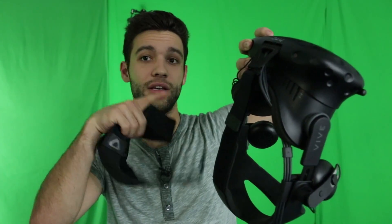So you finally got your hands on one of these — the Deluxe Audio Straps from HTC Vive. But unfortunately, there's no instruction manual on how to remove the old crappy non-Deluxe version. In this video, I'm going to show you exactly how to replace this with this.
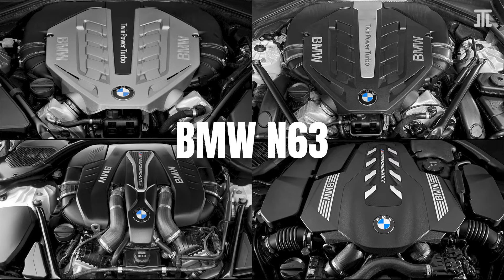Today I delve into the mechanical evolutions of the BMW N63 Hot V8 bi-turbo engine, highlighting the most consequential changes in six areas from the original 2008 N63 to its three subsequent updates in 2012, 2016 and 2018.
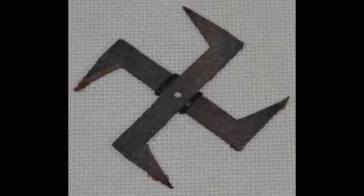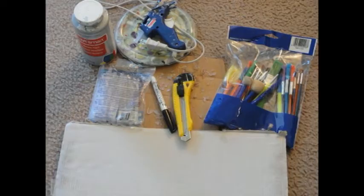What is up everybody, today we're going to learn how to make a shuriken out of cardboard and tape. I will be going over the materials you'll be needing. Here's what I used: cardboard, a box cutter, a marker to draw out the shuriken shape, and hot glue.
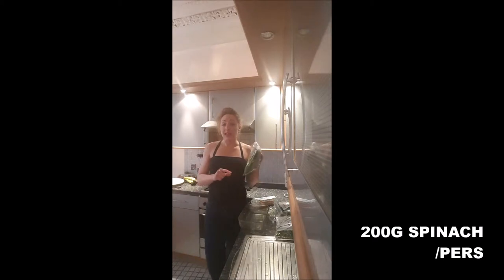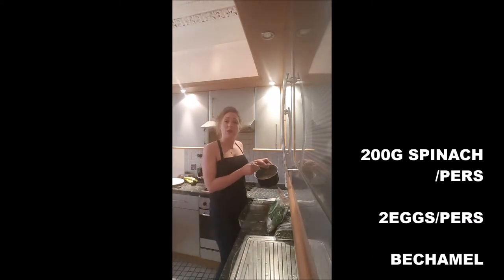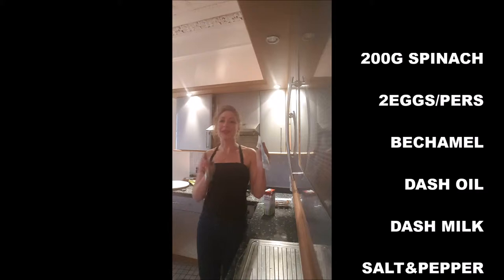To realize this recipe, you will need 200g spinach per person, 2 eggs per person, a béchamel sauce — if you don't know how to make it, you've got the link in the description — a dash of oil and a dash of milk, salt and pepper.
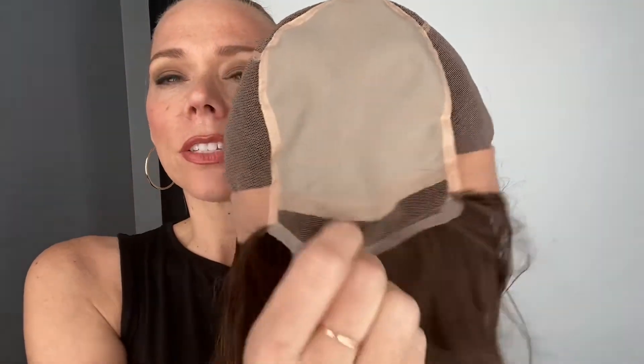This cap is hand-tied. It's got double mono with a lace front. This little extra lace here, this gets cut off. Ear tabs and adjustable straps. And once again, it is a small cap and I'll put a link below to this exact wig. Thank you.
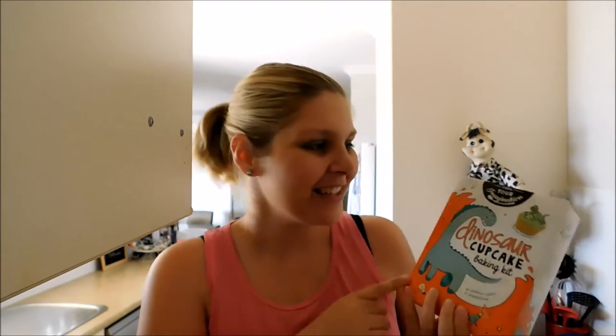Hi guys! My name is Tilly Wicks and welcome to today's video. On today's video, I'm going to be cooking dinosaur cupcakes. This dinosaur cupcake mix is made by Feel Your Imagination and I got this one from Kohl's.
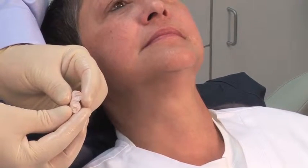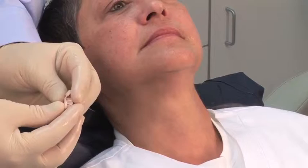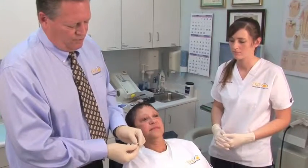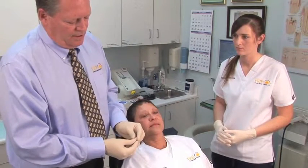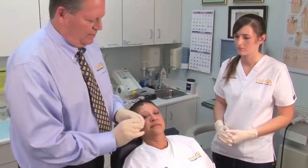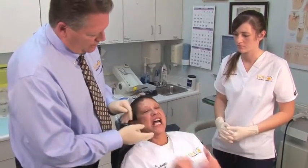We'll take this to the sink and put it in some ice water to verify that it is nice and hard and set up. After adequate time in some ice water to verify that this is solid and completely set, we will deliver this to the patient. Debbie, I'll let you try and place this over your lower front teeth. And close.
===
> Task item
Please reproduce the whole listing exactly; the pictures stay out.

> Output
So you finally got your hands on one of these — the Deluxe Audio Straps from HTC Vive. But unfortunately, there's no instruction manual on how to remove the old crappy non-Deluxe version. In this video, I'm going to show you exactly how to replace this with this.
Today I delve into the mechanical evolutions of the BMW N63 Hot V8 bi-turbo engine, highlighting the most consequential changes in six areas from the original 2008 N63 to its three subsequent updates in 2012, 2016 and 2018.
What is up everybody, today we're going to learn how to make a shuriken out of cardboard and tape. I will be going over the materials you'll be needing. Here's what I used: cardboard, a box cutter, a marker to draw out the shuriken shape, and hot glue.
To realize this recipe, you will need 200g spinach per person, 2 eggs per person, a béchamel sauce — if you don't know how to make it, you've got the link in the description — a dash of oil and a dash of milk, salt and pepper.
This cap is hand-tied. It's got double mono with a lace front. This little extra lace here, this gets cut off. Ear tabs and adjustable straps. And once again, it is a small cap and I'll put a link below to this exact wig. Thank you.
Hi guys! My name is Tilly Wicks and welcome to today's video. On today's video, I'm going to be cooking dinosaur cupcakes. This dinosaur cupcake mix is made by Feel Your Imagination and I got this one from Kohl's.
We'll take this to the sink and put it in some ice water to verify that it is nice and hard and set up. After adequate time in some ice water to verify that this is solid and completely set, we will deliver this to the patient. Debbie, I'll let you try and place this over your lower front teeth. And close.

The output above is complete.